Men, women and children, weak and soaked from the night's rain, wept as the rescue operation got under way and people were taken aboard a rubber dinghy to the rescue boat.
It was unclear how many refugees were aboard the small craft when it capsized off of Indonesia's northernmost coast on Wednesday, with six survivors initially rescued by local fishermen estimating between 60 and 100 people.
It was unclear whether all managed to cling to the capsized craft overnight or whether some had drowned.
Rescuers initially had difficulty finding the refugees' boat in the choppy waters off Aceh. (AP PHOTO)
Indonesia's search and rescue team only left Banda Aceh city in the evening on Wednesday, many hours after the capsizing, and initially had difficulty locating the boat in the choppy waters off the coast.
It finally found the boat and the survivors about midday on Thursday.
Amiruddin, a tribal fishing community leader in Aceh Barat district, said those rescued indicated the boat was sailing east when it started leaking and then strong currents pushed it towards the west of Aceh.
The six said others were still trying to survive on the capsized craft.
About 740,000 Rohingya were resettled in Bangladesh to escape the brutal counterinsurgency campaign by security forces in their homeland of Myanmar.
Thousands have been trying to flee overcrowded camps in Bangladesh to neighbouring countries, with Indonesia seeing a spike in refugee numbers since November, which prompted it to call on the international community for help.
Rohingya arriving in Aceh face some hostility from some fellow Muslims.
Indonesia, like Thailand and Malaysia, is not a signatory to the United Nations' 1951 Refugee Convention, so is not obliged to accept them.
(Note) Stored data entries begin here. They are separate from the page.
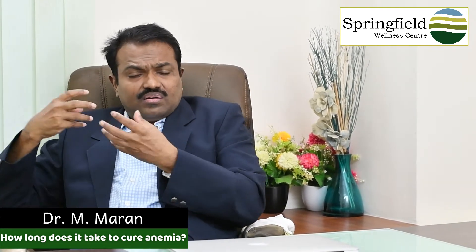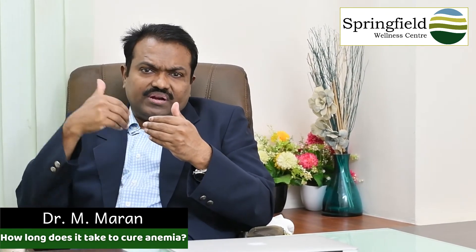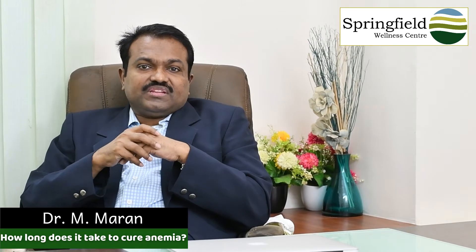We also need to calculate the degree of deficiency — whether iron, vitamin B12, folic acid — and how much excessive bleeding is occurring from the uterus, piles, or ulcerative colitis. Once we start giving treatment, you can generally see results in two to three weeks.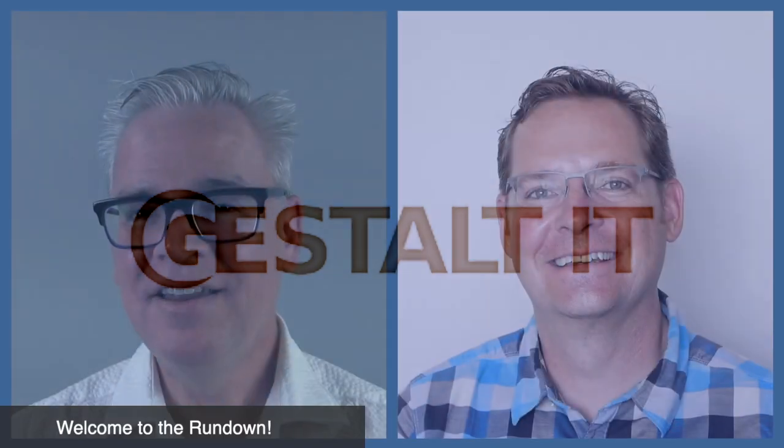Welcome to the Gestalt IT Rundown, where each time we meet, we run down the IT news of the week with a variable degree of snarkiness. I'm your host, Stephen Foskett, and joining me today is a special guest, my friend from Six Feet Up, Calvin Hendricks-Parker. Welcome to the show, Calvin. Hey, Stephen. Great to be here.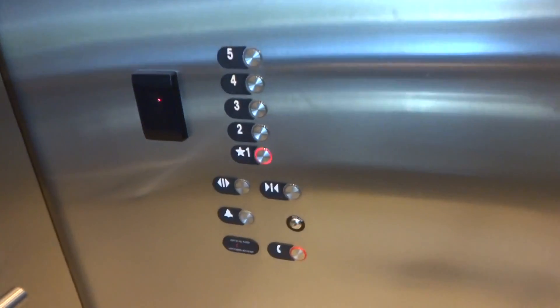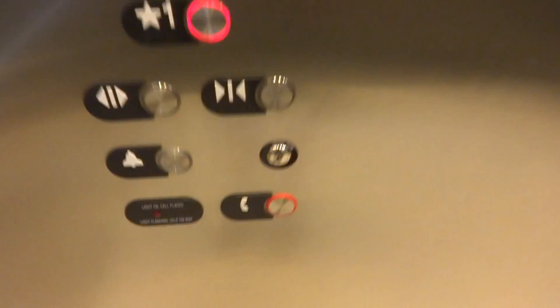Nice elevator. All 6 lights work. Here's the fixtures. That's the floor we do.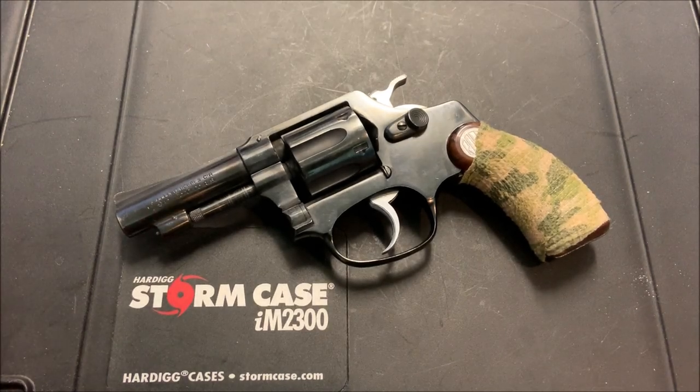All right, guys. I'm back today with a pretty interesting revolver. This is a Rossi chambered in .32 Smith & Wesson Long, and it's a kind of obscure revolver. You don't find these and see these too often, but I wanted to get one on the channel. I really wanted to explore the .32 Smith & Wesson Long cartridge, even though it seems to be an outdated cartridge.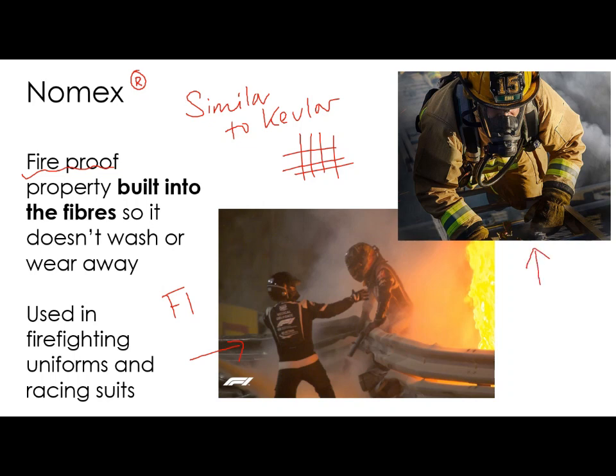Firefighters also use Nomex in their suits to protect themselves from flames.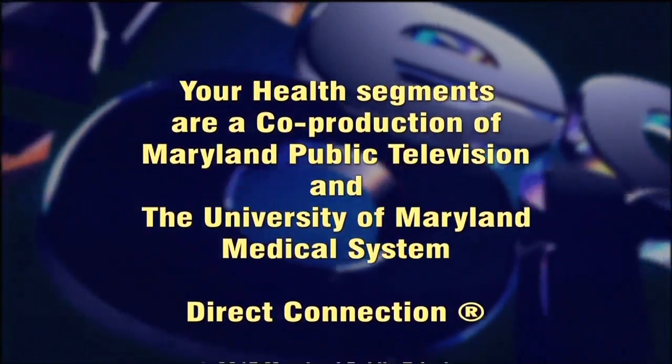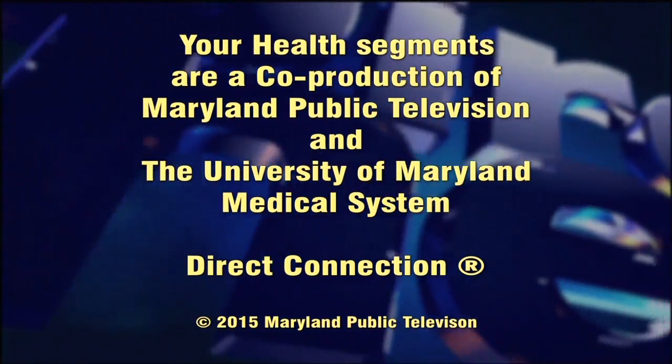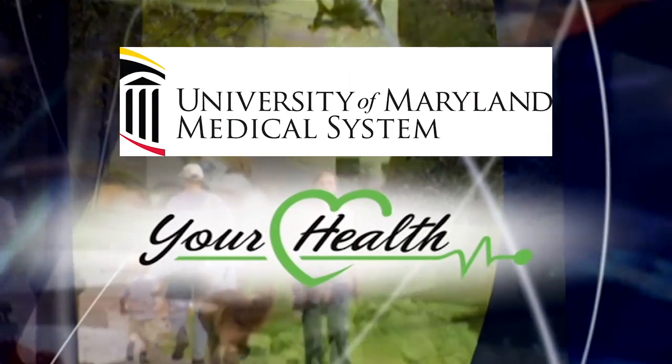How are fibroids evaluated? If somebody has the symptoms, what is the next step? Typically, symptoms precipitate an exam by the gynecologist or family practice doctor, who will sort out that the uterus is bigger than it should be on examination. The first test after that would be an ultrasound, which raises the question of fibroids inside the uterus. The most sensitive test would be an MRI examination, which can tell us who would be best served by the embolization procedure. Dr. Howard Richard of the University of Maryland, thank you for your time. Your Health segments are a co-production of Maryland Public Television and the University of Maryland Medical System.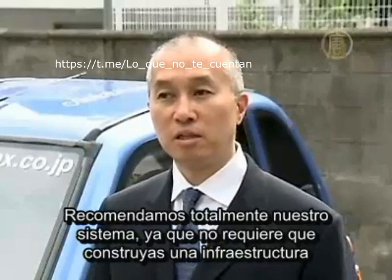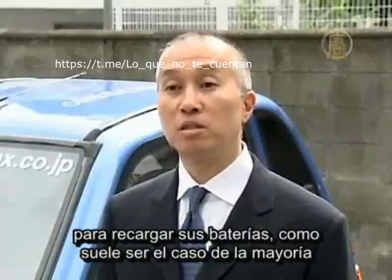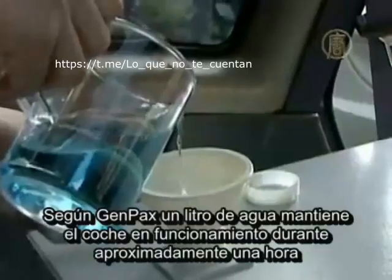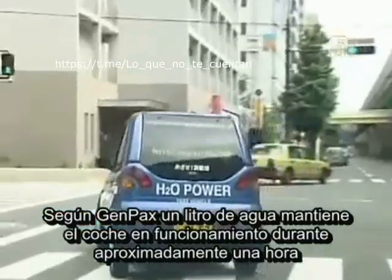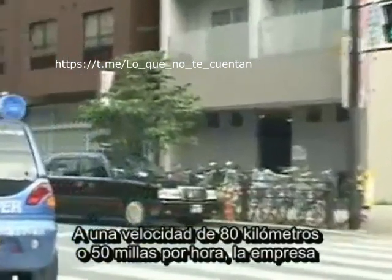We highly recommend our system since it does not require you to build up an infrastructure to recharge your batteries, which is usually the case for most electric cars. According to Genopax, one liter of water keeps the car running for about an hour at a speed of 80 kilometers or 50 miles an hour.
However, they have provided temporary shelter to refugees in distress.
In 2023, nearly 4500 Rohingya - two-thirds of them women and children - fled their homeland of Myanmar and the refugee camps in neighbouring Bangladesh by boat, the United Nations refugee agency reported.
Of those, 569 died or went missing while crossing the Bay of Bengal and Andaman Sea, the highest death toll since 2014.
Returning safely to Myanmar is virtually impossible because the military that attacked them overthrew Myanmar's democratically elected government in 2021.
No country has offered them any large-scale resettlement opportunities.